What's your apartment living pet peeve? Your next-door nuisance? What do you do about the nosy neighbor who rifles through your mail? Or the guy who practices the trombone at 7 a.m. on weekends? In our latest series, Ask a Friendly Landlord, a peaceable expert suggests resolutions to the issues that arise when humans share space.
Bedbugs are, for many city dwellers, the ultimate apartment-based fear. They are tiny, they are almost invisible, and they are horribly invasive: the least-welcome houseguests of all time. And for those who get them, they can feel like a truly biblical plague. Getting rid of them often requires packing up and processing all your clothes and such, and can truly take over your life for a non-insignificant period of time.

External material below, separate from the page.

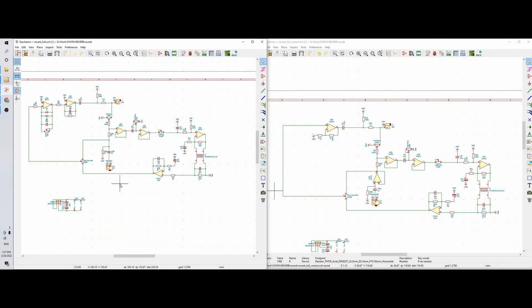This is the circuit for the spring reverb and I made two versions — I will explain why. This is the part I took from the internet, which is based on a very famous schematic from Fender. This is the actual driver of the spring coil.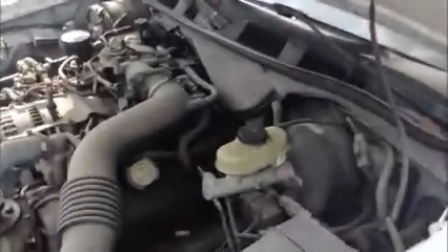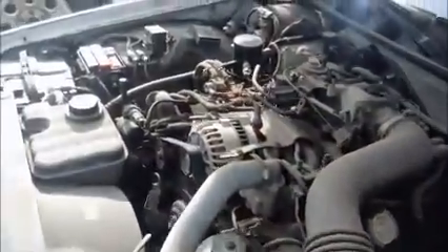This is a Crown Victoria. As you see, it starts up.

Our last Ask a Friendly Landlord installment has to do with these horribly rude little critters, and how to deal with a landlord who won’t seem to help get rid of them.

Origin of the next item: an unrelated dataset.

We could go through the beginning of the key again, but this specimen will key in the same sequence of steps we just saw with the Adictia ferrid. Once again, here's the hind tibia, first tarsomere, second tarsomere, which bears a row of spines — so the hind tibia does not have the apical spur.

My friend, I am very sorry that you have to deal with this! It’s a true nightmare, and we can only hope that you are racking up some good cosmic luck that will eventually rain down on you to balance out all this bad stuff.
It should be said that your landlord does have a legal obligation to take care of this for you. I spoke to Feng-Ying, a landlord outside of D.C., to get more insight. She insists—as do I—that you not pay for the treatment. “It should be the landlord’s responsibility, unless the landlord can prove that you brought the bugs to the apartment. My concern is that if you paid for the inspector, it might sort of admit your fault.”
Indeed, some leases come with a clause that suggests that tenants must pay for removal, if they are found responsible for bringing in bedbugs. However, in most cases, the law overrides that, making it very clear it’s management's responsibility to get rid of these cursed critters.
If you can’t get your landlord to come around and pay for the treatment, you should consider breaking your lease. This is what happened to the son of Feng-Ying’s friend, who also lives in New York. He got a lawyer to help him break the lease, because the building had bed bugs that the management couldn’t get rid of. If you can’t convince your landlord to pay for the treatment, you should let them know you plan on breaking the lease with the help of a lawyer. If that isn’t enough to get them to act, you gotta break that lease, baby—break free from the bugs.